I'm pretty sure that is a distinction without a difference. 

 
 
 
Ronin2
Professor Quiet
5  Ronin2    5 years ago

Considering Obama is only 1/2 black it must be only a 1/2 racist comment. We all know there is no such thing as racism against whites according to the left.

Also, accusing Obama of not being born in the US has nothing to do with racism.

I am sure when the left tried to call out McCain for not being born the US (on a US overseas military base), that was racist as well right?

Sen. John McCain, R-Ariz., and his advisers are doing their best to brush aside questions — raised in the liberal blogosphere — about whether he is qualified under the Constitution to be president.  But many legal scholars and government lawyers say it's a serious question with no clear answer.

The problem arises from a phrase in the Constitution setting out who is eligible to be president.  Article II, which also specifies that a person must be at least 35 years old, says "No person except a natural born Citizen" can be president. 

Sen. McCain is undoubtedly a citizen. He was born on Aug. 29, 1936, in the Panama Canal Zone, and Congress has specifically provided that anyone born there of U.S. parents, as he was, is a citizen.  Indeed, the general rule is that anyone born of U.S. parents outside the United States is a citizen.

But is John McCain a natural born citizen? The Constitution does not define the term further, and legal scholars say the notes of the Constitution's drafters shed little light on what they meant. It seems clear only that the founders wanted to make certain that whoever was president would be loyal to the U.S. alone and not to some other country.  But the term "natural born citizen," many scholars say, was not in common use at the time the Constitution was written.

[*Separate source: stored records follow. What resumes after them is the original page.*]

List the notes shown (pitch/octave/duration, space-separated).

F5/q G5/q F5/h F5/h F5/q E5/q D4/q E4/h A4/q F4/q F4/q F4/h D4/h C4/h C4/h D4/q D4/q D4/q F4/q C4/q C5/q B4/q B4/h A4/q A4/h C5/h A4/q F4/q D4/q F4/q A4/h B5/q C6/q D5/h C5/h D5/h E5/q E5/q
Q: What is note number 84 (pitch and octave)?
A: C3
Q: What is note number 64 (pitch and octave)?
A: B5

People in glass houses shouldn't throw stones.  Learn the difference between partisan attacks and racism.

 
 
 
sandy-2021492
Professor Expert
5.1  sandy-2021492  replied to  Ronin2 @5    5 years ago

We knew for sure that McCain wasn't born in the US (same for Ted Cruz), and we knew for sure Obama was, but only one of those "birther" battles has persisted to this day.  I wonder why that is?

 
 
 
arkpdx
Professor Quiet
5.1.2  arkpdx  replied to    5 years ago

That all they have left and Even that is getting very weak. 

 
 
 
JohnRussell
Professor Principal
5.2  JohnRussell  replied to  Ronin2 @5    5 years ago
People in glass houses shouldn't throw stones.  Learn the difference between partisan attacks and racism.

There was not even a fraction of "attention" paid to the McCain "controversy" as there was to Obama's birthplace. Not a fraction of a fraction. Even though Trump is an idiot, he is still smart enough to know he can rise in right wing politics by pandering to racism. That is the entire reason he became king birther in 2011. He wanted to run for president in 2012 and he needed to create a political base.

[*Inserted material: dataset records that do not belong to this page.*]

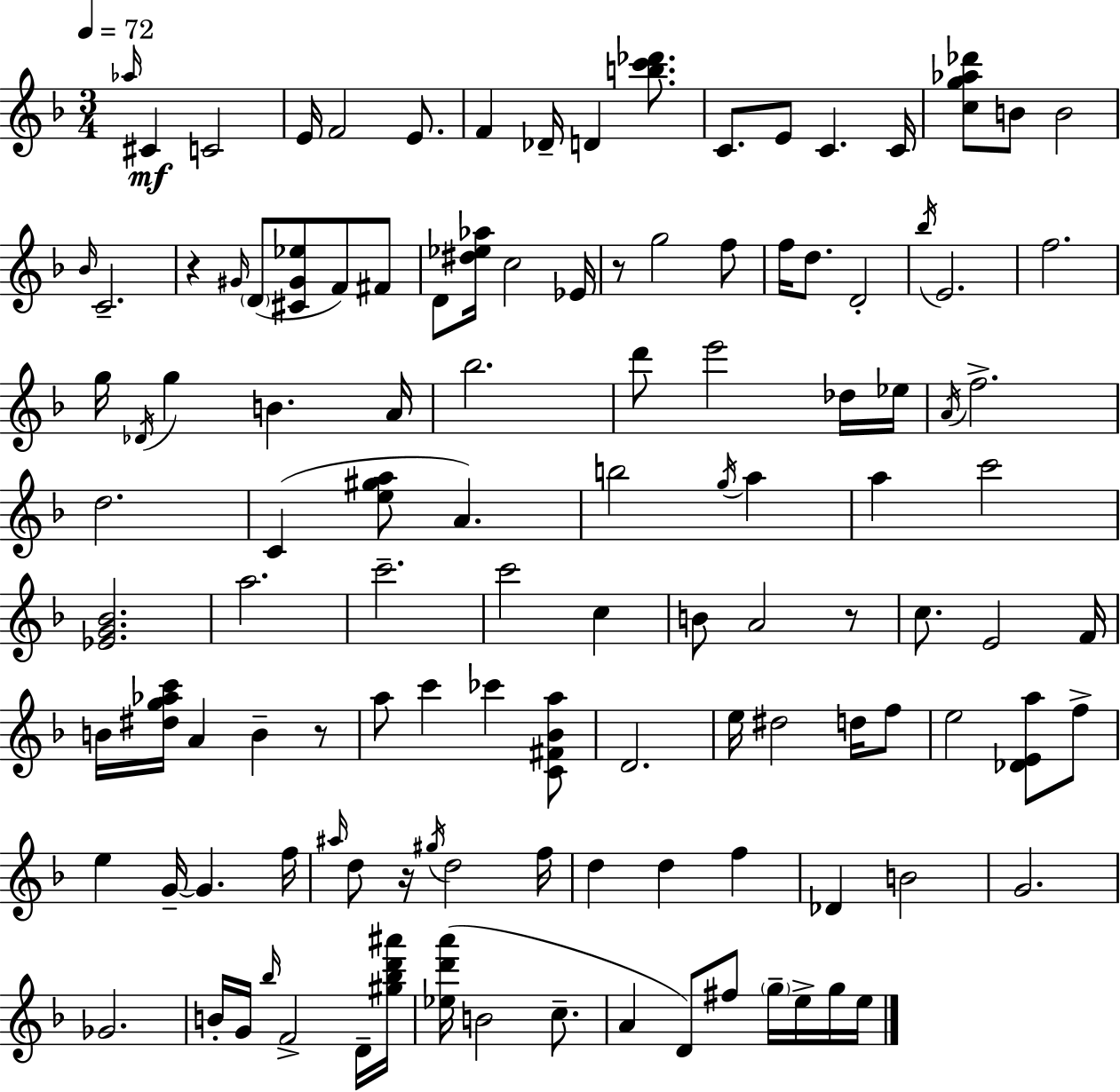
X:1
T:Untitled
M:3/4
L:1/4
K:Dm
_a/4 ^C C2 E/4 F2 E/2 F _D/4 D [bc'_d']/2 C/2 E/2 C C/4 [cg_a_d']/2 B/2 B2 _B/4 C2 z ^G/4 D/2 [^C^G_e]/2 F/2 ^F/2 D/2 [^d_e_a]/4 c2 _E/4 z/2 g2 f/2 f/4 d/2 D2 _b/4 E2 f2 g/4 _D/4 g B A/4 _b2 d'/2 e'2 _d/4 _e/4 A/4 f2 d2 C [e^ga]/2 A b2 g/4 a a c'2 [_EG_B]2 a2 c'2 c'2 c B/2 A2 z/2 c/2 E2 F/4 B/4 [^dg_ac']/4 A B z/2 a/2 c' _c' [C^F_Ba]/2 D2 e/4 ^d2 d/4 f/2 e2 [_DEa]/2 f/2 e G/4 G f/4 ^a/4 d/2 z/4 ^g/4 d2 f/4 d d f _D B2 G2 _G2 B/4 G/4 _b/4 F2 D/4 [^g_bd'^a']/4 [_ed'a']/4 B2 c/2 A D/2 ^f/2 g/4 e/4 g/4 e/4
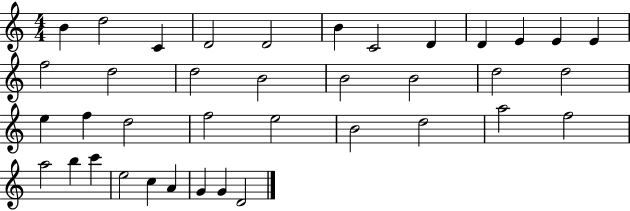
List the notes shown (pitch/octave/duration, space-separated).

B4/q D5/h C4/q D4/h D4/h B4/q C4/h D4/q D4/q E4/q E4/q E4/q F5/h D5/h D5/h B4/h B4/h B4/h D5/h D5/h E5/q F5/q D5/h F5/h E5/h B4/h D5/h A5/h F5/h A5/h B5/q C6/q E5/h C5/q A4/q G4/q G4/q D4/h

Birtherism is racism. Obama was the first non white president and that fact drove the racists nuts. It still does. Polling in 2019 still shows the majority of republicans are birthers. Sounds like insanity to me.

 
 
 
Dulay
Professor Expert
5.2.2  Dulay  replied to    5 years ago
The majority of Trump supporters are not racist in any way.

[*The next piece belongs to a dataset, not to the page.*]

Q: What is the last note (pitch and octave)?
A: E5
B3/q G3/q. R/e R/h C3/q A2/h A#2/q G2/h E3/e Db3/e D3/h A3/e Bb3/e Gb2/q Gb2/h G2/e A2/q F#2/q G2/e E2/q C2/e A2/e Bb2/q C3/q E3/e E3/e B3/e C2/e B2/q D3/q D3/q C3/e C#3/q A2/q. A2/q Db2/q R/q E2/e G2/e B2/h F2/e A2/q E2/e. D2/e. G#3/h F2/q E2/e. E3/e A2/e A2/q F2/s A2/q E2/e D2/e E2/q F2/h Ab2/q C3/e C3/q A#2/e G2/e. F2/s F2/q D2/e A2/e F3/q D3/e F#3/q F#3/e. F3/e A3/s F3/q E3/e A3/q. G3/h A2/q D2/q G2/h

Let's see THAT polling Wally. 

 
 
 
Bob Nelson
Professor Guide
6  Bob Nelson    5 years ago

Does anyone know what a "racist bone" is?

 
 
 
Rmando
Sophomore Silent
7  Rmando    5 years ago

[Deleted]

 
 
 
Tessylo
Professor Principal
7.1  seeder  Tessylo  replied to  Rmando @7    5 years ago

I'm tired of the off topic comments.  I'm locking this until I can get a moderator or Perrie to remove them

 
 
 
Rmando
Sophomore Silent
7.1.1  Rmando  replied to  Tessylo @7.1    5 years ago

[deleted] If you're going to contend asking for a birth certificate is racist you should be prepared to prove it.

 
 
 
Tessylo
Professor Principal
8  seeder  Tessylo    5 years ago

I never made that contention.  It is racist though.